19/06/14 (Afrique Inside)
Avec l'aide du Congo et de la communauté internationale, les autorités centrafricaines se mobilisent pour trouver le moyen de réintégrer le processus de Kimberley, l'organisation internationale de certification de diamants bruts dont le pays a été suspendu après la chute de l'ancien président François Bozizé. En proie au chaos et aux violences perpétrées par des groupes rebelles qui s'affrontent dans le pays, la Centrafrique envisage de réformer le secteur minier pour éviter que la manne diamantifère ne profite aux diverses factions rebelles.
Avant de sombrer dans le chaos et la violence, la Centrafrique tirait 40% de son produit intérieur brut du commerce de diamants pour une production annuelle estimée à 400.000 carats. Elle a été intégrée au Processus de Kimberley en janvier 2003 avant d’être suspendu en mai 2013 deux mois après la chute de l’ancien président François Bozizé et la prise de pouvoir de Michel Djotodia, l’ancien président le transition centrafricaine. Une suspension visant à éviter ainsi l’infiltration des diamants bruts dits de conflits dans le circuit officiel de la commercialisation. Le processus de Kimberley est un régime international de certification des diamants bruts, qui réunit gouvernements et industriels du diamant dont l’objectif est d’éviter de négocier sur le marché mondial l’achat des diamants présentés par des mouvements rebelles dans le but de financer leurs activités militaires. L’accord a été signé en 2000 à Kimberley en Afrique du Sud par le Canada, les Etats-Unis et l’Union Européenne. Il rassemble en tout 81 pays.
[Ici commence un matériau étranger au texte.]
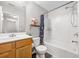Bright bathroom features a shower and tub combination and a single sink vanity at 341 Iveson Rd, Summerville, SC 29486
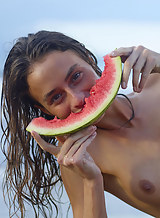 Skinny model Cleo eating watermelon on a nude beach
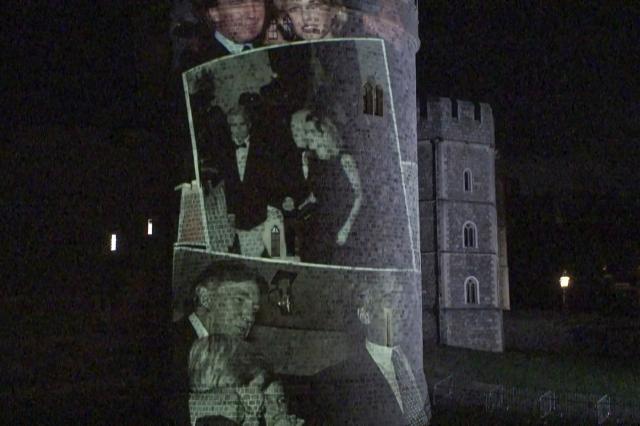 This frame grab made on September 17, 2025 from an AFP video footage dated from September 16, 2025 shows photographs projected onto a tower of the Windsor Castle bearing notorious sex offender Jeffrey Epstein and US President Donald Trump, during an action by activists from the British group Led by Donkeys on the sidelines of Trump's state visit to Britain. Activists from the British group Led by Donkeys holds politicians to account through often humorous campaigns. (Photo by Lena VOELK / AFP)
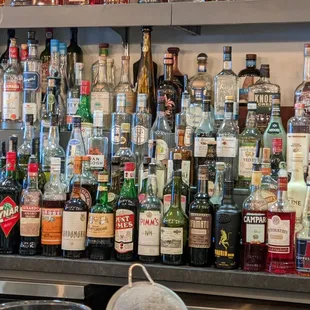 a shelf full of liquor bottles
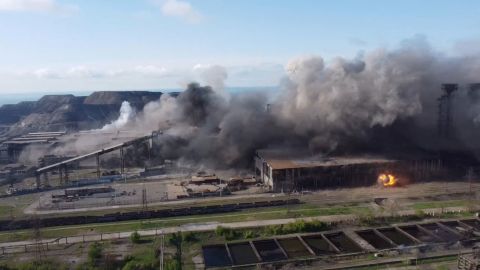 In this image taken from video, smoke rises over the Azovstal steel plant after Russian shelling in Mariupol, Ukraine, on Thursday, May 5. The Ukrainians holed up in the last bastion of Mariupol <a href=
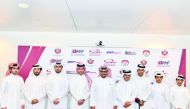 Qatar Motor and Motorcycle Federation President Abdulrahman Al Mannai (centre) poses for a group picture along with riders and drivers. 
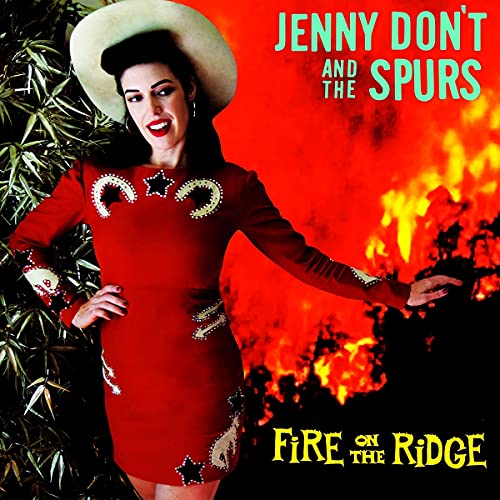 Album cover featuring a woman in a red western dress against a fire background.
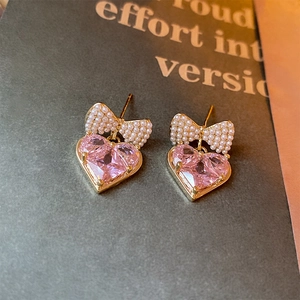 Macro shot of gold bow earrings featuring pink heart zircon and pearl inlay details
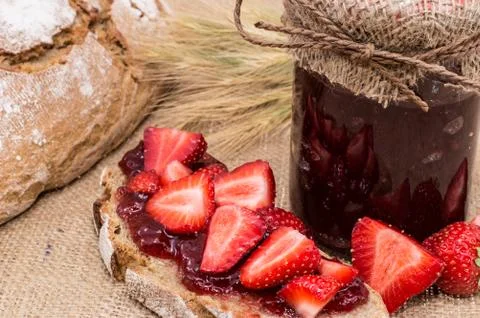 Bread with strawberry jam (rustic background) Stock Photos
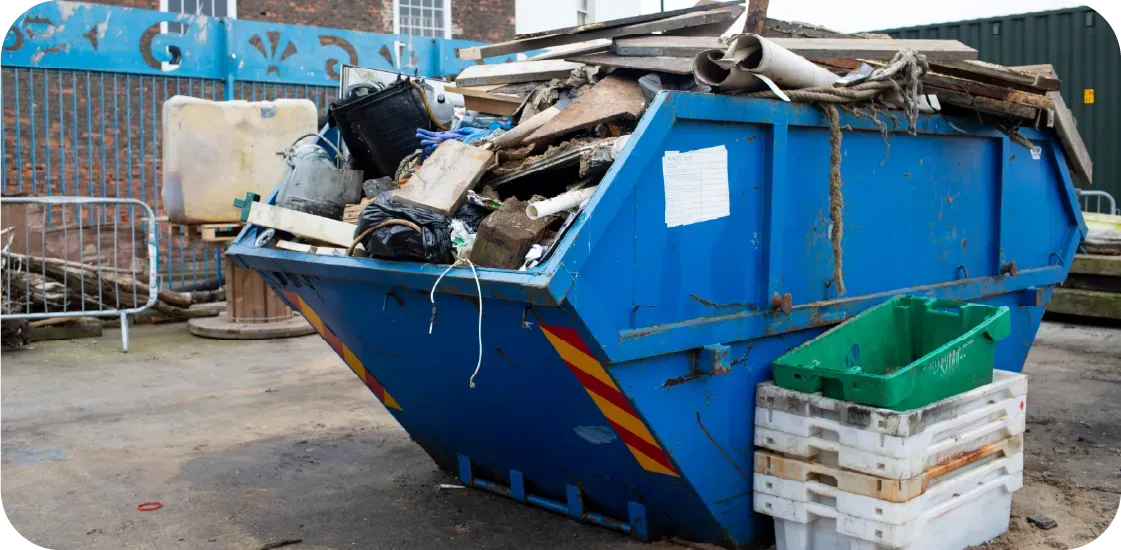 A blue dumpster overflowing with trash, outdoors. Green bins and white crates are beside it.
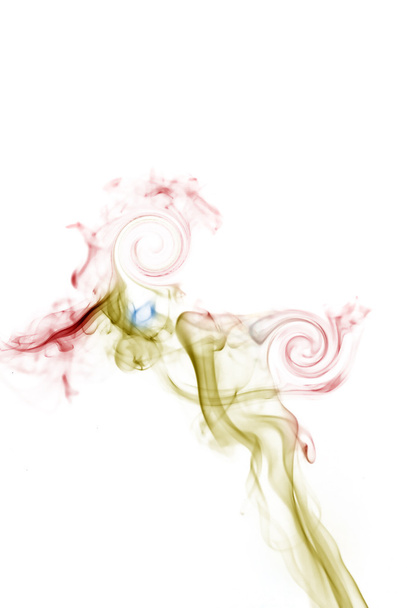 Colorful smoke on white background in form of woman's silhouette - Photo, Image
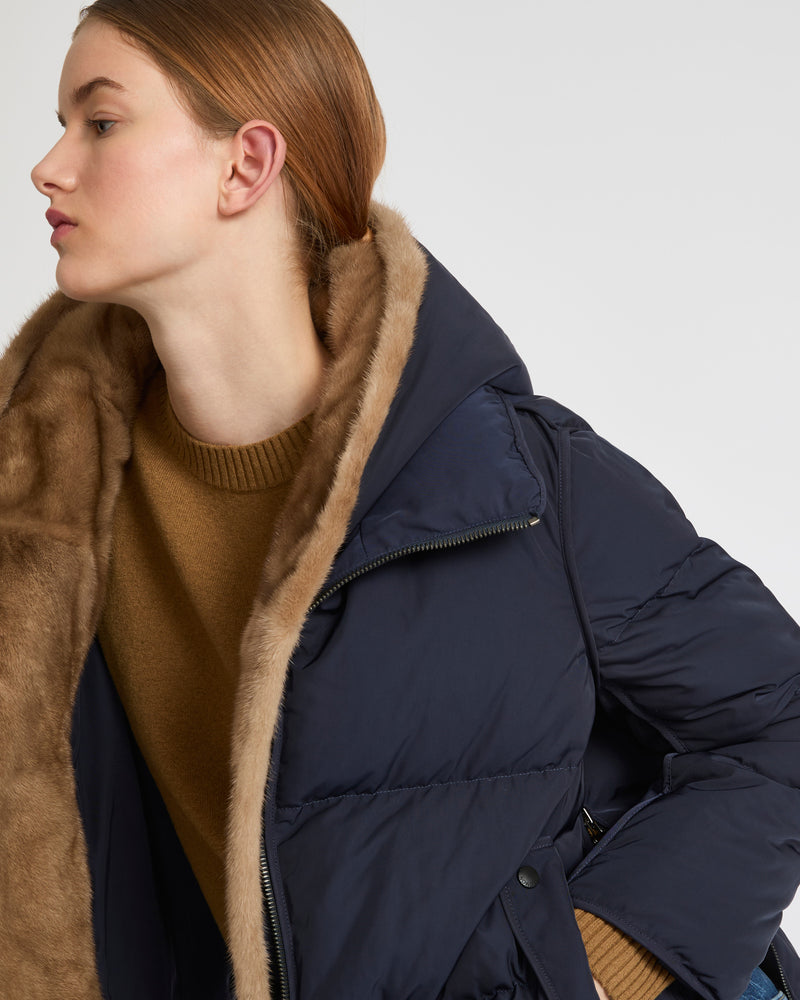 A line down jacket in technical fabric with long-haired mink hooded bib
Malgré la crise et l’insécurité en RCA, les autorités du pays et la société civile mobilisent leurs efforts pour annuler la sanction et réintégrer l’organisation internationale de certification de diamants bruts. Pour y parvenir, elles souhaitent s’inspirer du modèle congolais en matière de gestion du secteur des mines. Au terme de consultations avec le ministère des Mines et de la Géologie, la Centrafrique envisagerait un dialogue inclusif avec toutes les parties centrafricaines impliquée en faveur d’une levée de sanction et de consulter la communauté internationale et ledit Processus de Kimberley ainsi que le Congo voisin pour réformer en profondeur le secteur minier même si dans le contexte de crise actuelle, la priorité en Centrafrique reste le désarmement et la sécurité.
« les diamants du pouvoir »
La question du diamant a toujours été au cœur de la gouvernance du régime Bokassa, Patassé et Bozizé. Arrivé au pouvoir le 15 mars 2003, François Bozizé s’est empressé d’annuler tous les permis de prospection et d’extraction, y compris la Colomba Mines, l’entreprise de son prédécesseur Ange-Félix Patassé qu’il a chassé du pouvoir avec l’aide de mercenaires. Il instaure alors un nouveau code minier en 2004 avec la volonté de l’aligner sur les normes internationales en vigueur. A la suite de quoi, la plupart des compagnies minières internationales auraient quitté le pays face aux exigences des autorités centrafricaines. Selon l’international Crisis Group, le niveau trop élevé de taxation a largement favorisé la contrebande. Profitant des faiblesses étatiques, de la criminalité et d’une extrême pauvreté, diverses factions rebelles ont mis à profit la manne diamantifère pour acheter des armes.
Du temps de Jean Bedel Bokassa, la folie du diamant semblait s’être emparée de la Centrafrique. L’ancien président n’hésitait pas à étaler la manne diamantifère à la face du monde entier en offrant des plaquettes entières à ses amis étrangers. Illustration avec l’affaire des diamants qui éclate en France en 1973, le Canard Enchaîné révèle que Valérie Giscard d’Estaing, alors Ministre des Finances, a lui-même reçu plusieurs plaquettes de diamants. La première étant estimé à 150000 euros. L’exploitation du diamant en Centrafrique a débuté en 1927 avec essentiellement des gisements alluvionnaires autour des rivières Mambere et Lobaye au Sud-Ouest ; autour de la rivière Kotto dans l’Est. D’après les statistiques du Bureau d’évaluation et de contrôle de diamant et d’or (BECDOR), la Centrafrique a exporté 311 784 carats en 2009. Ce qui est peu comparé au Botswana, le premier exportateur de diamants africain et deuxième exportateur mondial derrière la Russie, avec en moyenne 32 millions de carats chaque année. Mais il faut savoir que les statistiques concernant la RCA ne prennent pas en compte la contrebande.